# Task to carry out
In the records below, find the line with "1910 Old Mill" and the line with "Svietidlo pre LED". Print both exactly, along with every line between them, and no other line.

# Data for review
_ _ _ _ _

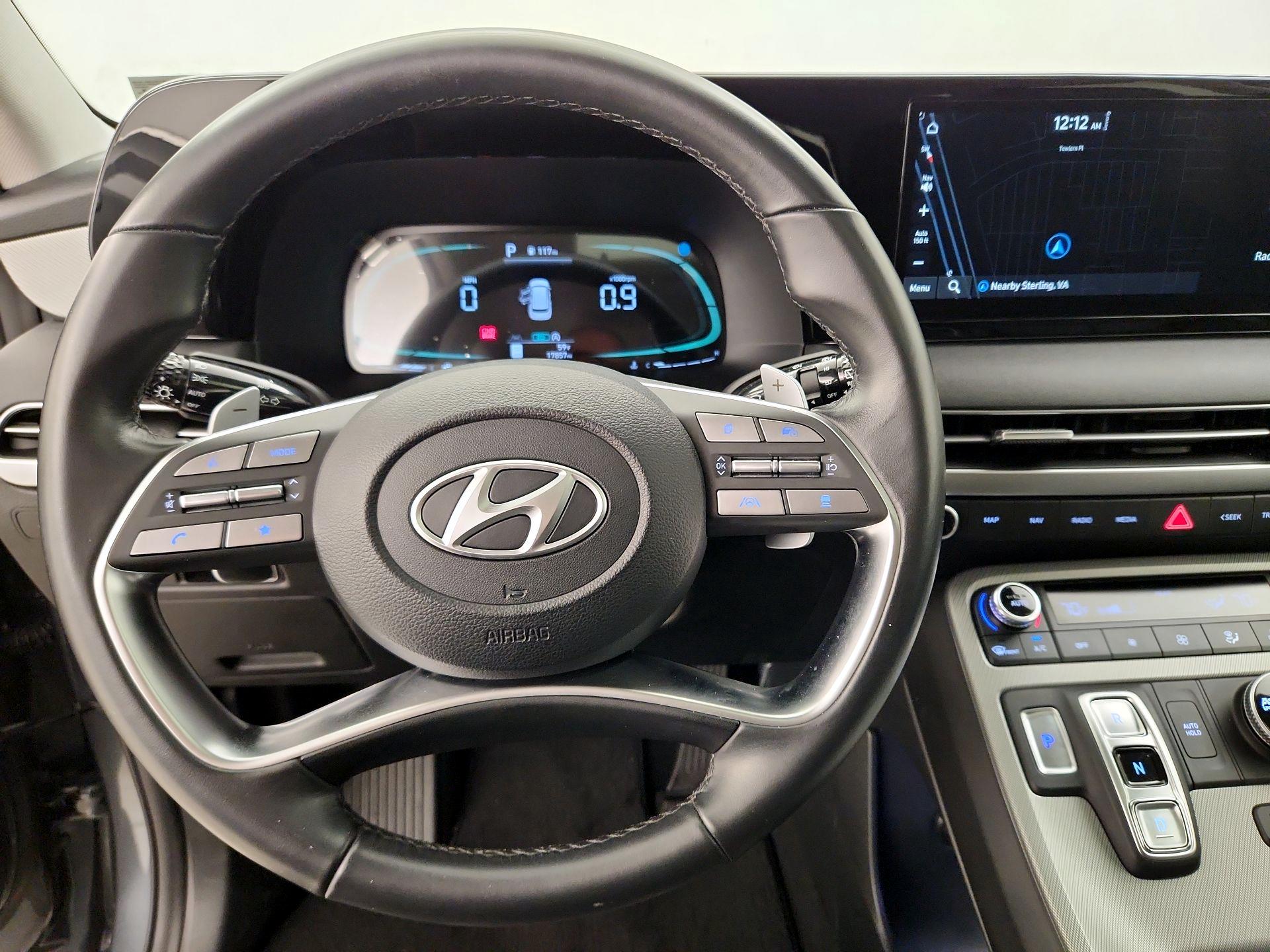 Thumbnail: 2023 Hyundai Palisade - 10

_ _ _ _ _

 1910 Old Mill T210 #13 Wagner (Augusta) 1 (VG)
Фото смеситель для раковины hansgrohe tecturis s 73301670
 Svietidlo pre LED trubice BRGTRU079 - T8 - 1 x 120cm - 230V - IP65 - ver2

_ _ _ _ _

# Result
 1910 Old Mill T210 #13 Wagner (Augusta) 1 (VG)
Фото смеситель для раковины hansgrohe tecturis s 73301670
 Svietidlo pre LED trubice BRGTRU079 - T8 - 1 x 120cm - 230V - IP65 - ver2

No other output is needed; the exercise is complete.